The Targum Jonathan on (Deuteronomy 13) confronts one of the most dangerous problems in ancient Israelite religion: the prophet whose miracles actually work. The Hebrew text warns against following a prophet who "gives you a sign or a miracle, and the sign comes to pass." The Targum calls this person a "false prophet" and a "dreamer of a profane dream." The Hebrew is more neutral. The Targum has already rendered the verdict.
The theological logic is striking. A prophet can perform genuine miracles and still be false. The miracle is real. The message is the lie. "The Lord your God thereby trieth you," the Targum says, "to know whether you will love the Lord your God with all your heart and with all your soul." God allows false miracles as a test.

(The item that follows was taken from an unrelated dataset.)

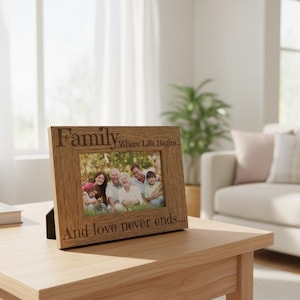 A wooden picture frame with a family photo inside, placed on a wooden table in a living room.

The Targum transforms what could be a crisis of faith into a system—miracles alone prove nothing. Only the message matters.
The punishment for the false prophet is death by sword. The Targum says he "had spoken perversity against the Lord your God who brought you out from the land of the Mizraee." The crime is not merely deception. It is ingratitude—leading people away from the God who freed them from slavery.

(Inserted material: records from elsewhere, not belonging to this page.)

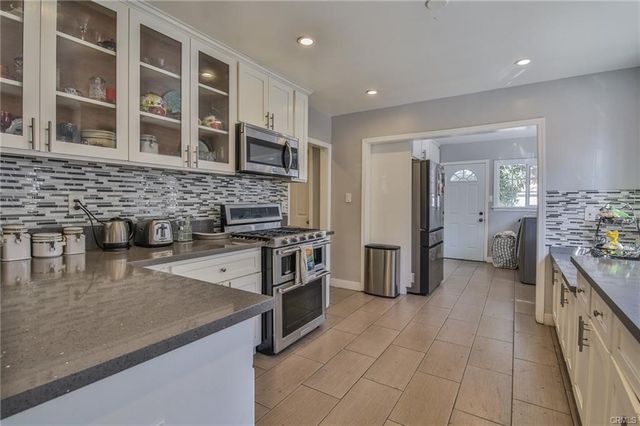 a view of a living room and chandelier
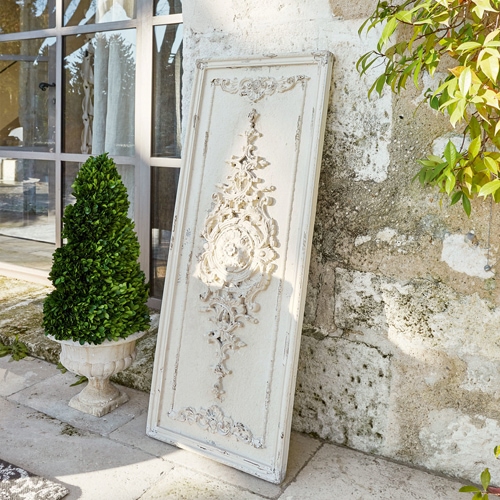 Panneau décoratif en bois blanc avec relief vintage appuyé contre un mur en pierre près d'une plante verte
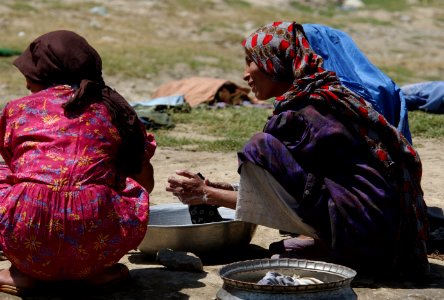 Two Local Afghanistan women wash clothes at an area located near the Kabul River in downtown Kabul DF-SD-04-08408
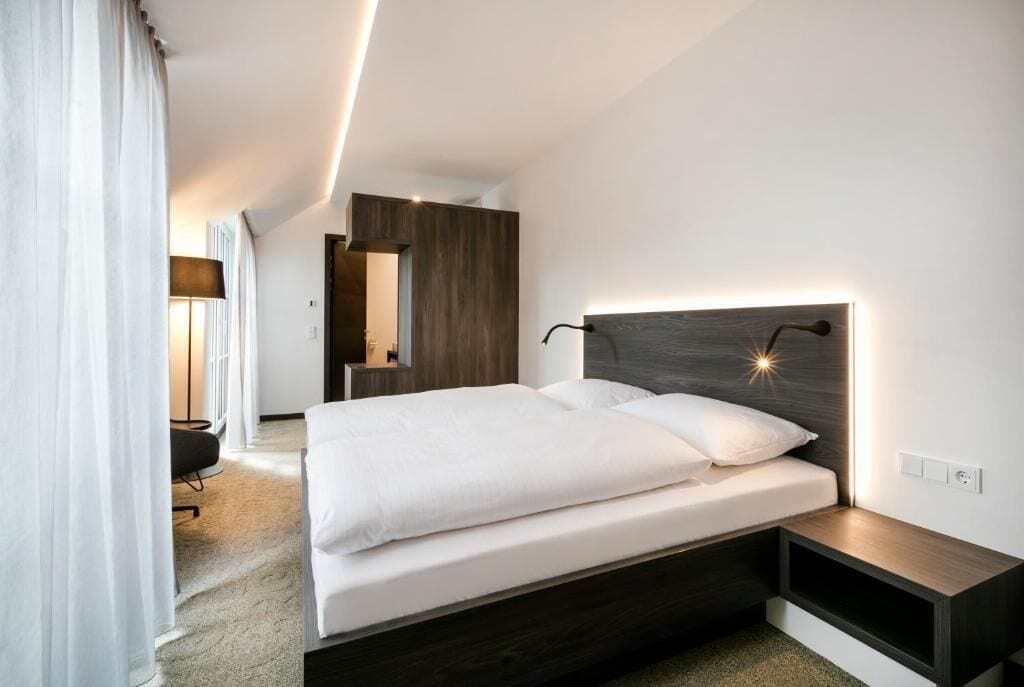 A modern hotel room with a large bed, a bedside table, and a built-in wardrobe.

The chapter then turns to something even more painful: betrayal by family. If "thy brother, the son of thy mother, or even the son of thy father, or thy own son or thy daughter, or thy wife who reposeth with thee, or thy friend who is beloved as thy soul" urges you toward idolatry—you must report them. The Targum adds layers of intimacy the Hebrew only sketches. "Thy wife who reposeth with thee." "Thy friend who is beloved as thy soul." The closer the relationship, the harder the duty.

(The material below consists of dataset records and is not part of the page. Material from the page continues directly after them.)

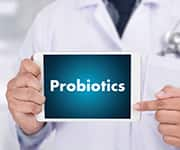 Doctor holding sign that says probiotics that yeast fermentate and CRL1505 fall under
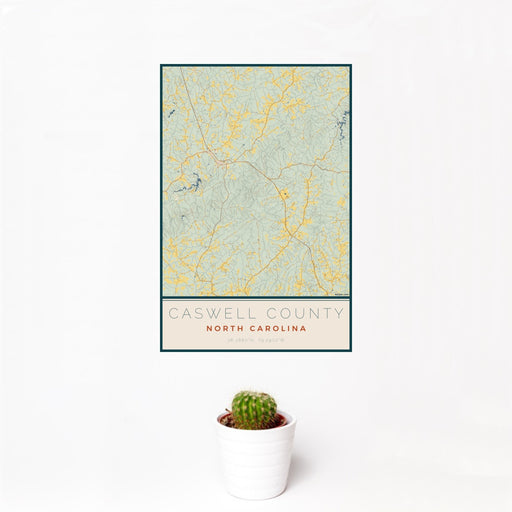 12x18 Caswell County North Carolina Map Print Portrait Orientation in Woodblock Style With Small Cactus Plant in White Planter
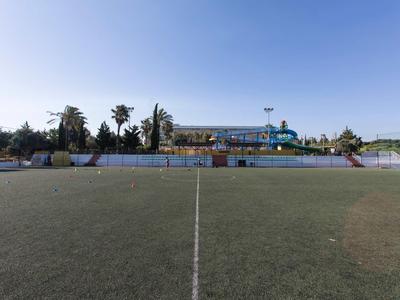 Freundliches Fußballfeld mit Toren und Tribünen bei klarem Himmel.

The Targum adds a terrifying escalation. If an entire city goes astray, the passage identifies two categories of corrupters: "men of pride drawing back from the doctrine of the Lord" and "sages of your rabbins who have gone forth and led away the inhabitants." Corrupt scholars are worse than corrupt laypeople. The city must be destroyed completely—burned to the ground, never rebuilt, its spoil incinerated in the street.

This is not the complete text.